O livro se encerra com uma breve análise do terceiro governo Lula: as duas agendas continuam na disputa em 2023. De um lado, o governo Lula consegue espaço orçamentário para retomar a agenda redistributiva. Bolsa Família e crescimento real do salário-mínimo voltam ao centro. No entanto, o novo arcabouço fiscal limita a expansão dos gastos do Estado brasileiro e mantém o “efeito achatamento” do Teto de Gastos de Temer: gastos obrigatórios continuarão comprimindo gastos discricionários, incluindo alguns gastos discricionários essenciais, como as bolsas de pesquisa científica e os investimentos em infraestrutura.

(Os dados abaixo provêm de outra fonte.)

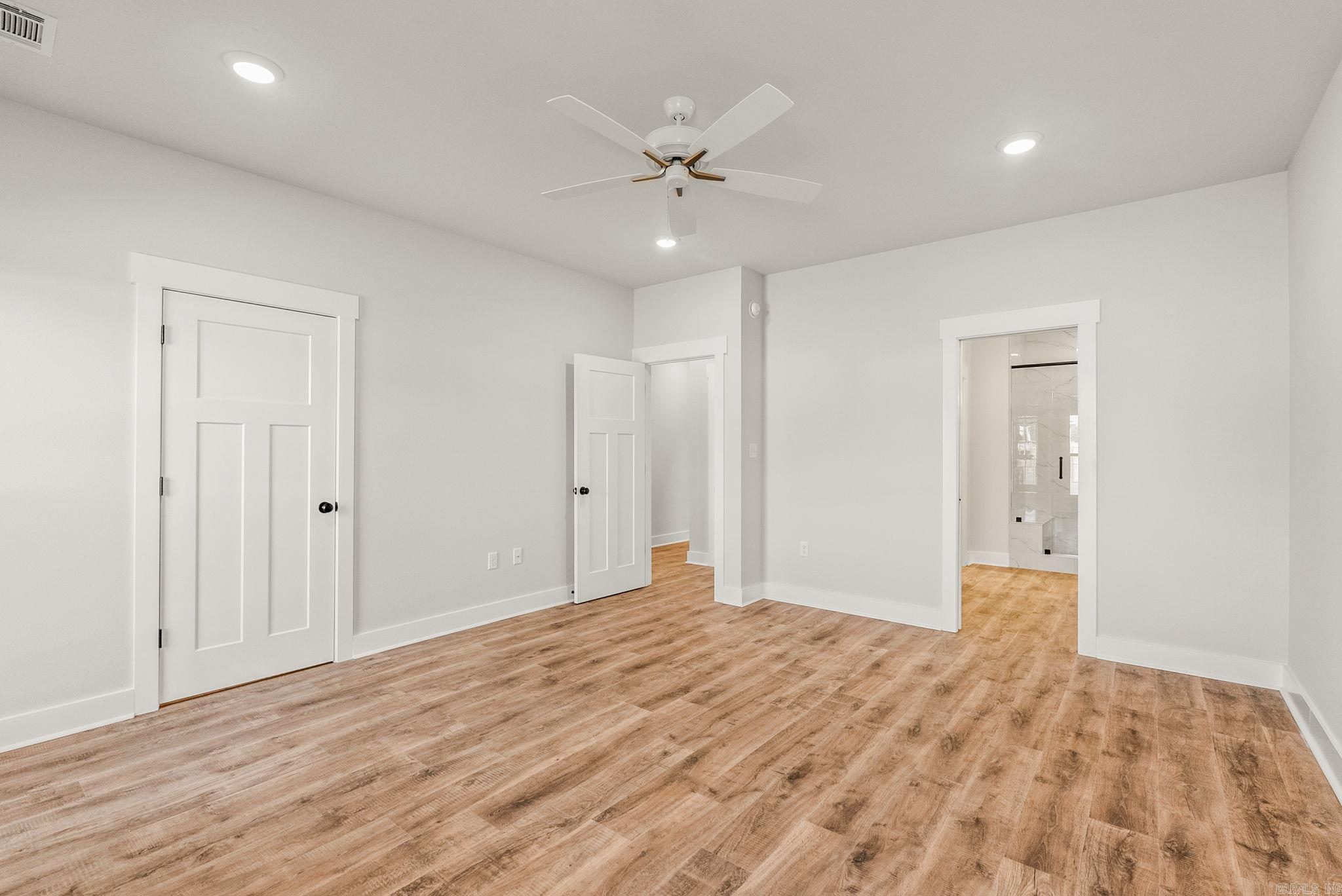 EAST MEADOW - Residential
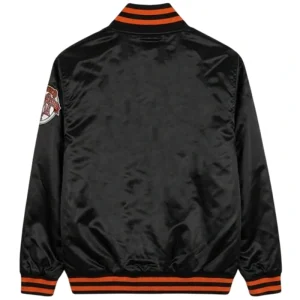 Areena Design <p>Upgrade your outerwear with the <strong>Giants Exclusive Varsity Satin Jacket</strong>. This distinctive jacket style suits casual outfits, street-inspired looks, seasonal layering, and collector wardrobes.</p> Giants Exclusive Varsity Satin Jacket <p>Upgrade your outerwear with the <strong>Giants Exclusive Varsity Satin Jacket</strong>. This distinctive jacket style suits casual outfits, street-inspired looks, seasonal layering, and collector wardrobes.</p>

Rossi encerra sua análise enfatizando a centralidade do terceiro governo Lula, que ainda não tem uma agenda econômica clara. Ainda não está claro se, na próxima edição do livro, o governo Lula 3 aparecerá apenas como uma atenuação da agenda neoliberal ou como uma retomada da agenda redistributiva.
Sem prognosticar sobre o futuro, o livro é um passeio rápido, mas denso e bem referenciado, no nosso passado econômico recente. Serve bem ao propósito de informar leitores e leitoras para que possam participar da disputa pelo caráter do governo em curso.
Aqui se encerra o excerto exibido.